| What you will do |
Take the entries below and reproduce exactly the portion that begins at the line containing "Fixation d'angle pour imposte en verre" and ends at the line containing "使用MySQL索引如何快速检索数据库的案例", keeping both ends, dropping pictures, and adding nothing else.

| Source material |
== Segment start ==

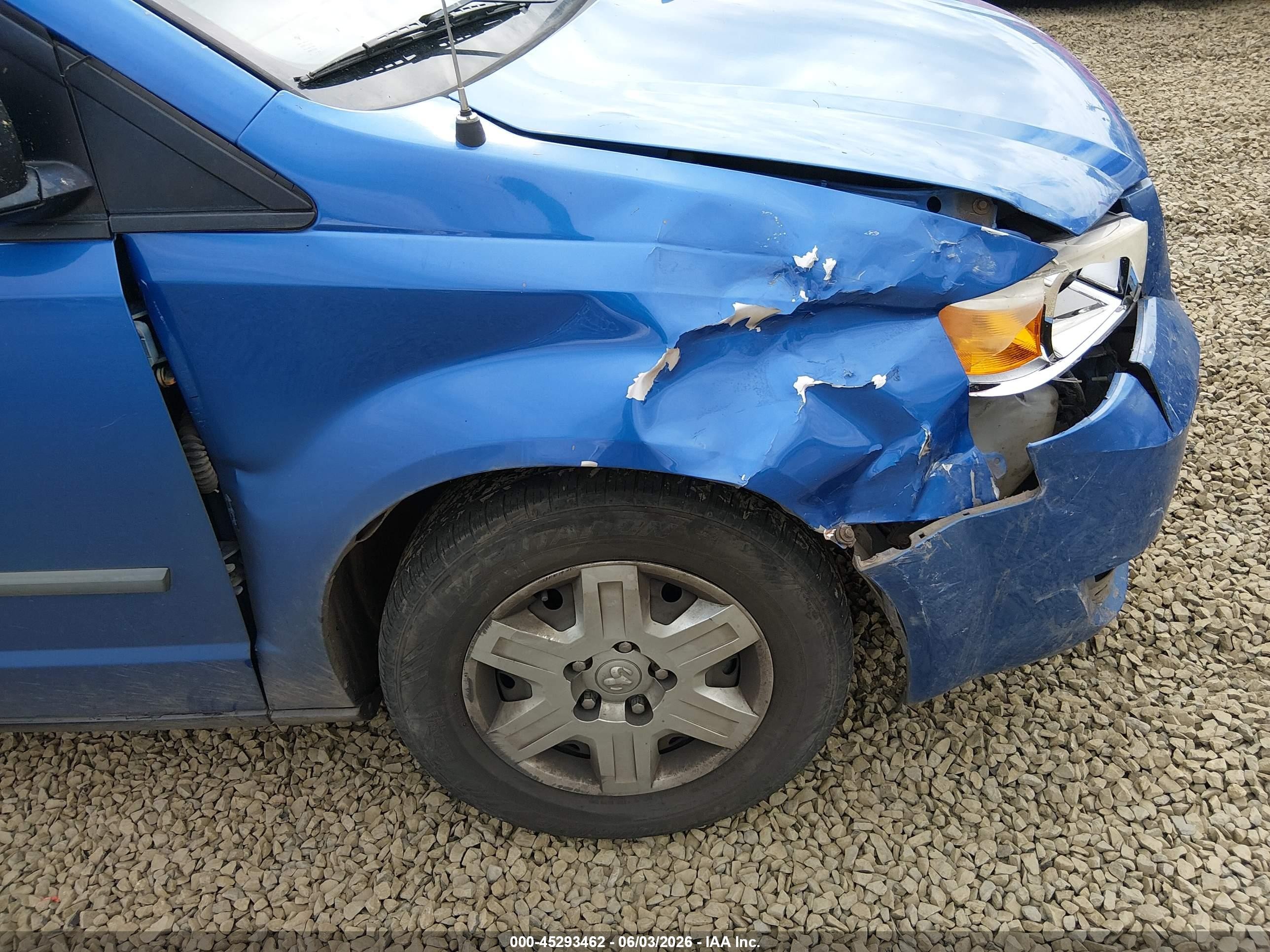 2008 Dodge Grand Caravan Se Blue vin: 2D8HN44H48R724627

== Segment end ==
== Segment start ==

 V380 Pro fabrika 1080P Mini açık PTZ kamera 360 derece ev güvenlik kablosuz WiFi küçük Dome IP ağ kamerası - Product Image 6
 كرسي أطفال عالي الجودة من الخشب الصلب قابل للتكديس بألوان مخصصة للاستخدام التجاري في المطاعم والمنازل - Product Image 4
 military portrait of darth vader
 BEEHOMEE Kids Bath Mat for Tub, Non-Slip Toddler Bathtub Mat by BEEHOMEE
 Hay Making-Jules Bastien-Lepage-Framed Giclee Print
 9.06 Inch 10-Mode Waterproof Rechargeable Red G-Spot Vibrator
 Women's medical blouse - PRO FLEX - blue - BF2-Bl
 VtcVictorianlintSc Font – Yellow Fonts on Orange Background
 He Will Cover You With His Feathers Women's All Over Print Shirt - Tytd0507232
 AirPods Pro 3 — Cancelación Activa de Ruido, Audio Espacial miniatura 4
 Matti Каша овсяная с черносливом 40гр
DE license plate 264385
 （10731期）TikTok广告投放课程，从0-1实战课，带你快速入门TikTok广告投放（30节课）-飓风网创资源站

== Segment end ==
== Segment start ==

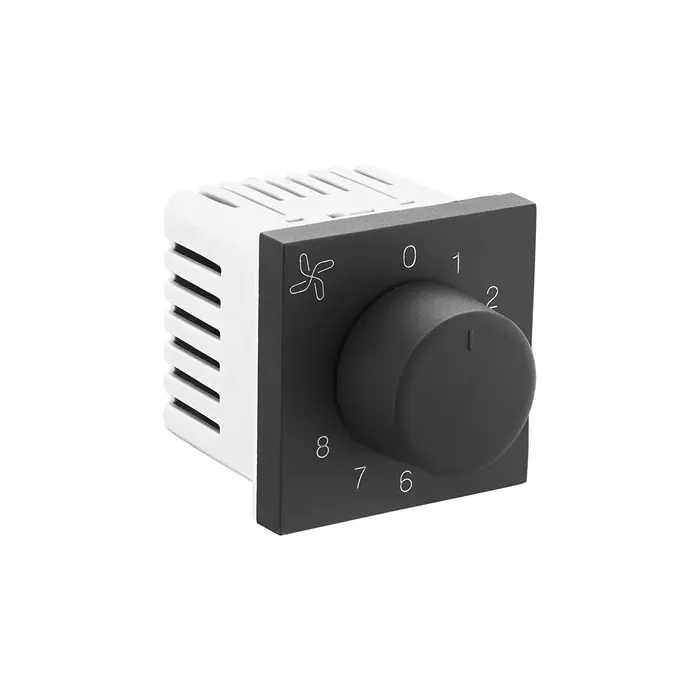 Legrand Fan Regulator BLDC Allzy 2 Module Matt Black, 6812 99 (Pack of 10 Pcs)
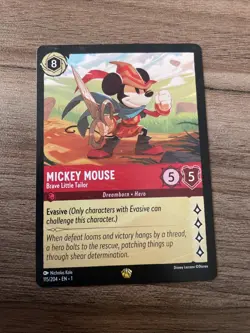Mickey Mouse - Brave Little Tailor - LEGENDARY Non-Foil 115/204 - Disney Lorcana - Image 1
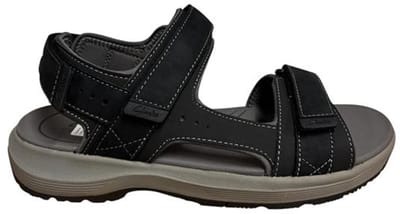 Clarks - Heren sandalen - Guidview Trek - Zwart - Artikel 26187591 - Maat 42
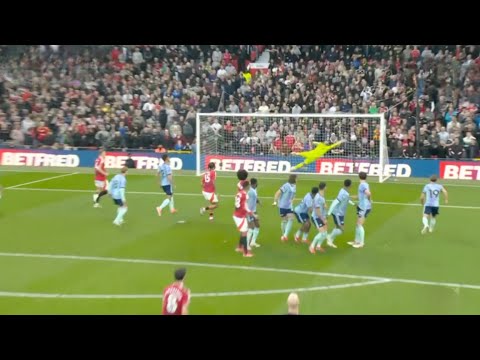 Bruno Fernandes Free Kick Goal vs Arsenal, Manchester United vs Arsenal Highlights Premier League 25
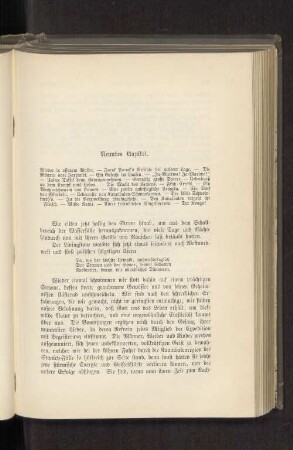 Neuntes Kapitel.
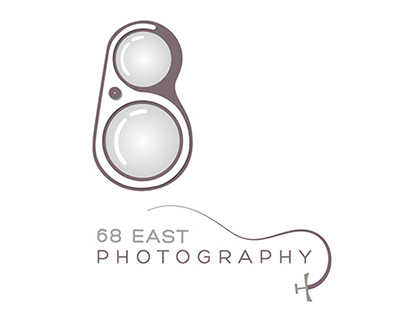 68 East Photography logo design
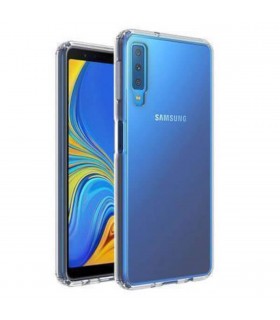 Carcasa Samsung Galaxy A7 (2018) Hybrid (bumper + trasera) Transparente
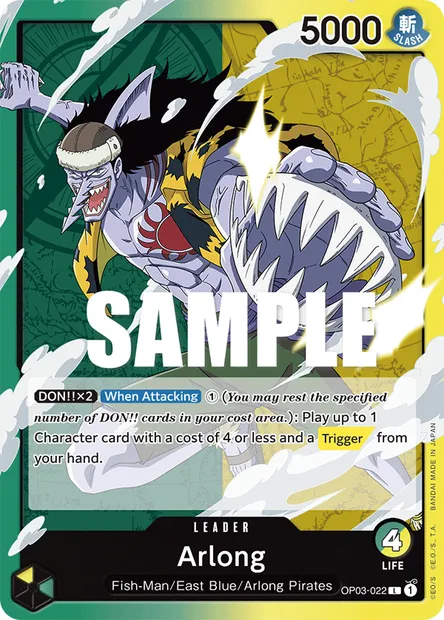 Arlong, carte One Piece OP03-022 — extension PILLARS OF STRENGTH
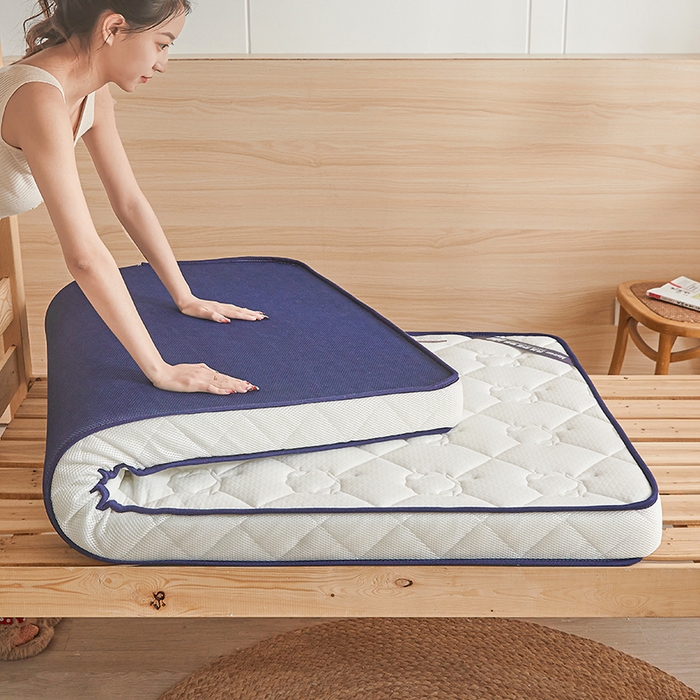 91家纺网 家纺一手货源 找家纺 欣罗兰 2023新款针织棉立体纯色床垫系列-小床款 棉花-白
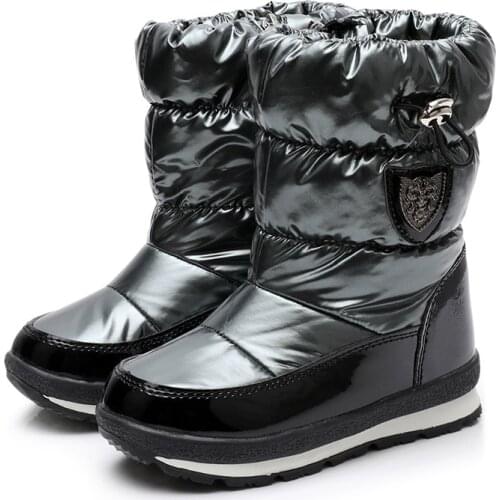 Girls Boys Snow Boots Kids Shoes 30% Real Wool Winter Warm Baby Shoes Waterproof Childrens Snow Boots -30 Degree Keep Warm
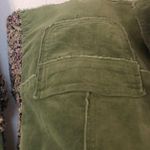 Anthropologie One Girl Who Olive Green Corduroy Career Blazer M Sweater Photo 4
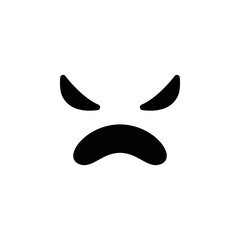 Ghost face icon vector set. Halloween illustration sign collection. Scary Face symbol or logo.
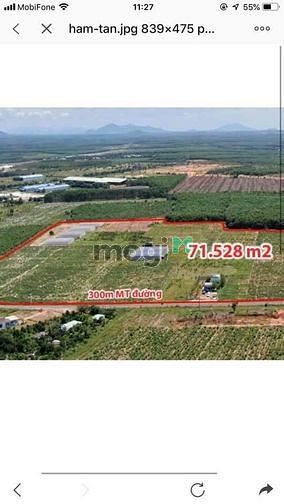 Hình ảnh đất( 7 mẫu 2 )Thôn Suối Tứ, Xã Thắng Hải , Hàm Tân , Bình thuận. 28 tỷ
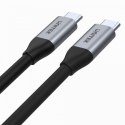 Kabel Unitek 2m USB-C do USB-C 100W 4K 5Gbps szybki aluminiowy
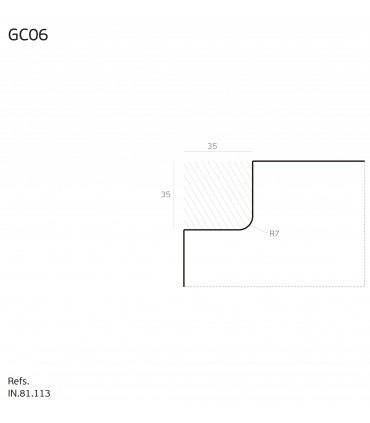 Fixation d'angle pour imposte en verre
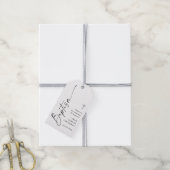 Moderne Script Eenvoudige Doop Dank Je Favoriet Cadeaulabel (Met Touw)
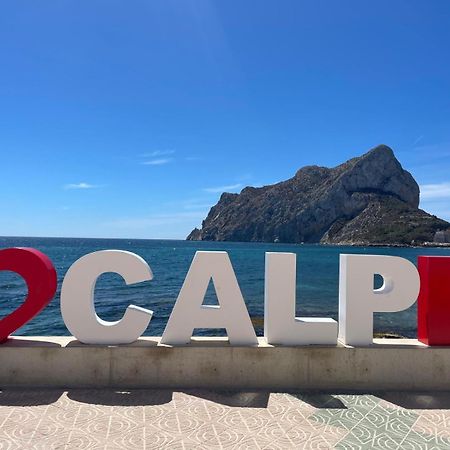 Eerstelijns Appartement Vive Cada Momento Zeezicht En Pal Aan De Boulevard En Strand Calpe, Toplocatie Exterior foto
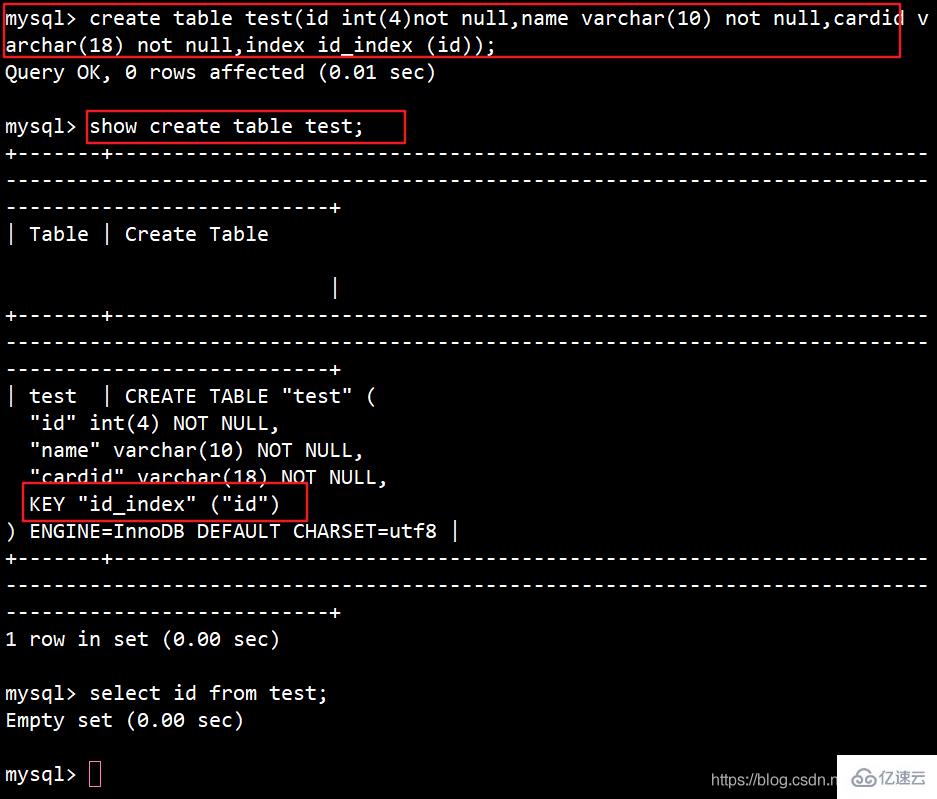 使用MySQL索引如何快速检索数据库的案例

== Segment end ==

| Exercise answer |
 Fixation d'angle pour imposte en verre
 Moderne Script Eenvoudige Doop Dank Je Favoriet Cadeaulabel (Met Touw)
 Eerstelijns Appartement Vive Cada Momento Zeezicht En Pal Aan De Boulevard En Strand Calpe, Toplocatie Exterior foto
 使用MySQL索引如何快速检索数据库的案例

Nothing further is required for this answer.